Assignment> Could you copy exactly the lines from the one containing "Deal With It" through the last line of the records, leaving out every picture?

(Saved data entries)
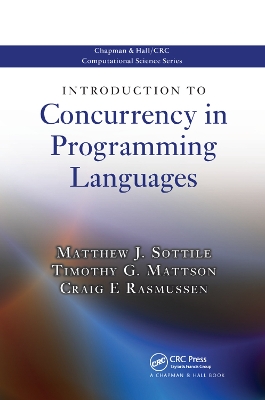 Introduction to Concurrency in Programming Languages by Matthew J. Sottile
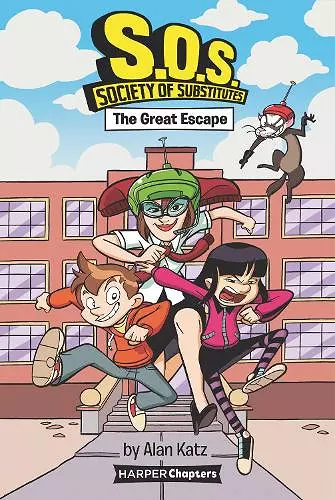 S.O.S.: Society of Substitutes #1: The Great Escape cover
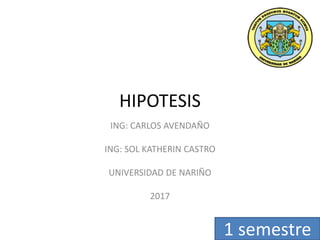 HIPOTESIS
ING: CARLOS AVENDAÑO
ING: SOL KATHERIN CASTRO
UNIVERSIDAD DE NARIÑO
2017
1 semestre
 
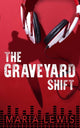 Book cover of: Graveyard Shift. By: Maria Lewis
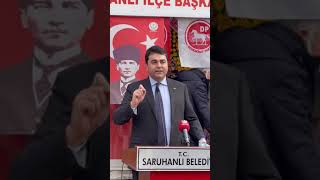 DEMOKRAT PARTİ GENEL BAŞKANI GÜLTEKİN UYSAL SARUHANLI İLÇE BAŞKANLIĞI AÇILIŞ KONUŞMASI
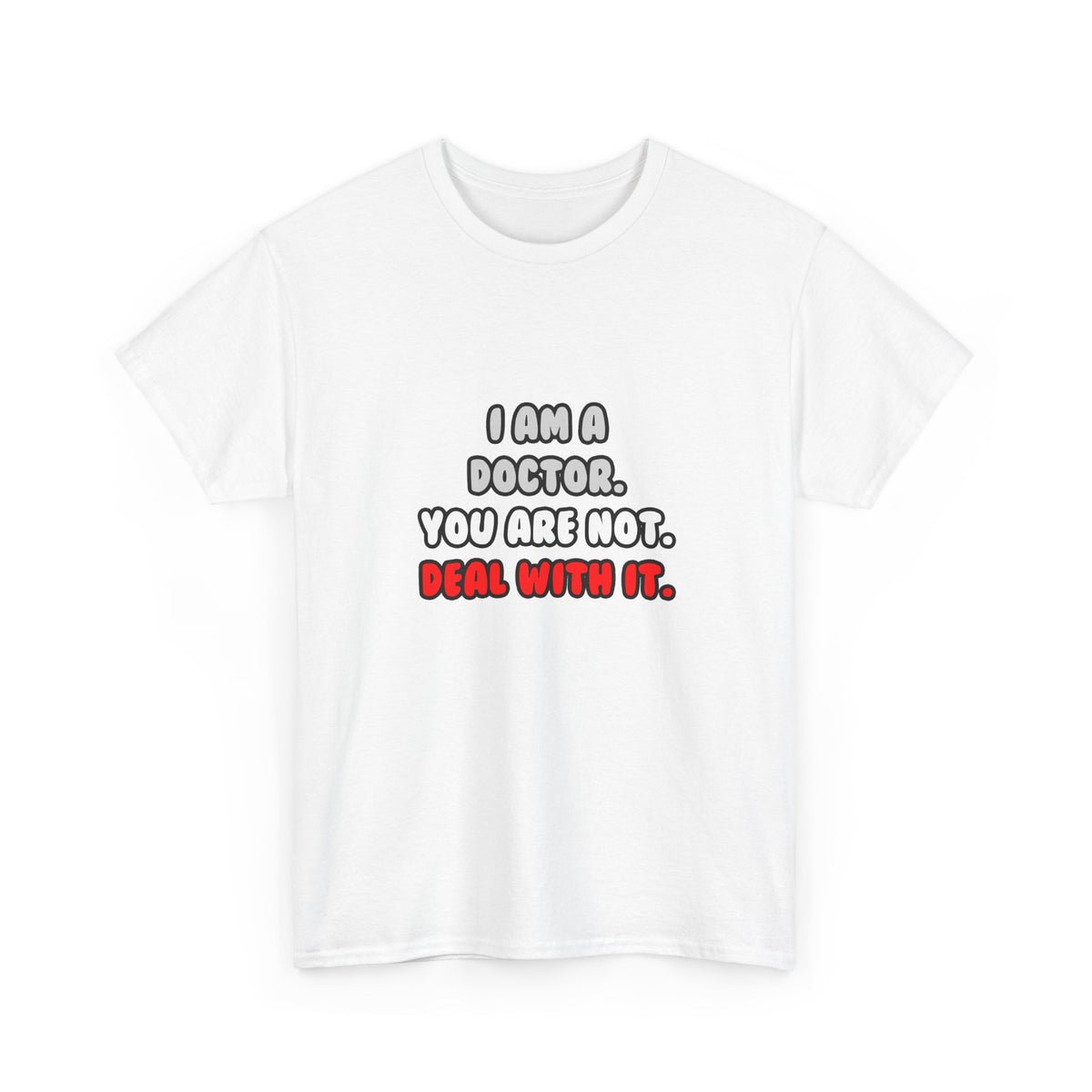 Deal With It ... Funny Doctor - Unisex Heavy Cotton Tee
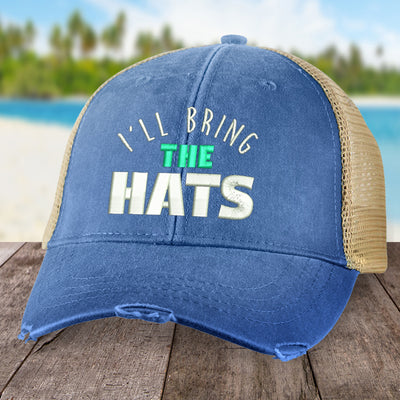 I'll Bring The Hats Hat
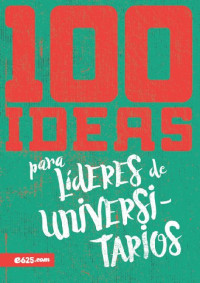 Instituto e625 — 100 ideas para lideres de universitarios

Result of this exercise>
 Deal With It ... Funny Doctor - Unisex Heavy Cotton Tee
 I'll Bring The Hats Hat
 Instituto e625 — 100 ideas para lideres de universitarios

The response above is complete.